Mayo v.

Decision Date14 January 2015
Citation124 A.D.3d 606,3 N.Y.S.3d 36,2015 N.Y. Slip Op. 00342
PartiesLakeisha MAYO, etc., respondent, v. NEW YORK CITY TRANSIT AUTHORITY, appellant, et al., defendant.
CourtNew York Supreme Court — Appellate Division

?124 A.D.3d 606
3 N.Y.S.3d 36
2015 N.Y. Slip Op. 00342

Lakeisha MAYO, etc., respondent,
v.
NEW YORK CITY TRANSIT AUTHORITY, appellant, et al., defendant.

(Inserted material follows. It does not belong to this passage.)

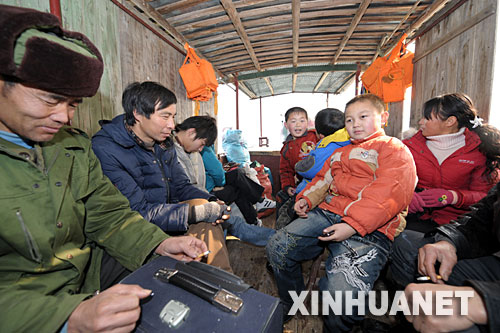 1��31�������l(xi��ng)�ˆT�˶ɴ��ؼ��� ��̎��eɽ�^(q��)�İ��ջ�ɽ�h��1��12��������50��һ�����ش�ѩ��(z��i)��ɽ·��ͨ��(d��o)���S��ɽ�^(q��)Ⱥ�����l(xi��ng)�ͳ������衣��(d��ng)?sh��)������ڴ_����ȫ����r�������÷��ӎXˮ��(k��)�������l���ӏ�(qi��ng)ˮ·���\(y��n)���R�r(sh��)���{(di��o)ʮ�חl���δ��䮔(d��ng)���\(y��n)����Ŀǰ��20���l���\(y��n)��ֻ�վ��\(y��n)ݔ����1000����������(d��ng)?sh��)����������P(gu��n)���T(m��n)��ȡ24С�r(sh��)��ȫ�O(ji��n)�صȶ��(xi��ng)��ʩ�_���˿Ͱ�ȫ��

Supreme Court, Appellate Division, Second Department, New York.

Jan. 14, 2015


Affirmed as modified.


Lawrence Heisler, Brooklyn, N.Y. (Anna J. Ervolina of counsel), for appellant.

Gregory S. Watts, Brooklyn, N.Y., for respondent.


RUTH C. BALKIN, J.P., JEFFREY A. COHEN, COLLEEN D. DUFFY and HECTOR D. LaSALLE, JJ.

[3 N.Y.S.3d 37]

In an action to recover damages for personal injuries, etc., the defendant New York City Transit Authority appeals from an order of the Supreme Court, Kings County (Baynes, J.), dated January 10, 2014, which denied its motion for summary judgment dismissing the complaint insofar as asserted against it.

ORDERED that the order is modified, on the law, by deleting the provision thereof denying that branch of the motion of the defendant New York City Transit Authority which was for summary judgment dismissing so much of the complaint as alleged that it was vicariously liable for the alleged conduct of the defendant Said Clay, and substituting therefor a provision granting that branch of the motion; as so modified, the order is affirmed, without costs or disbursements.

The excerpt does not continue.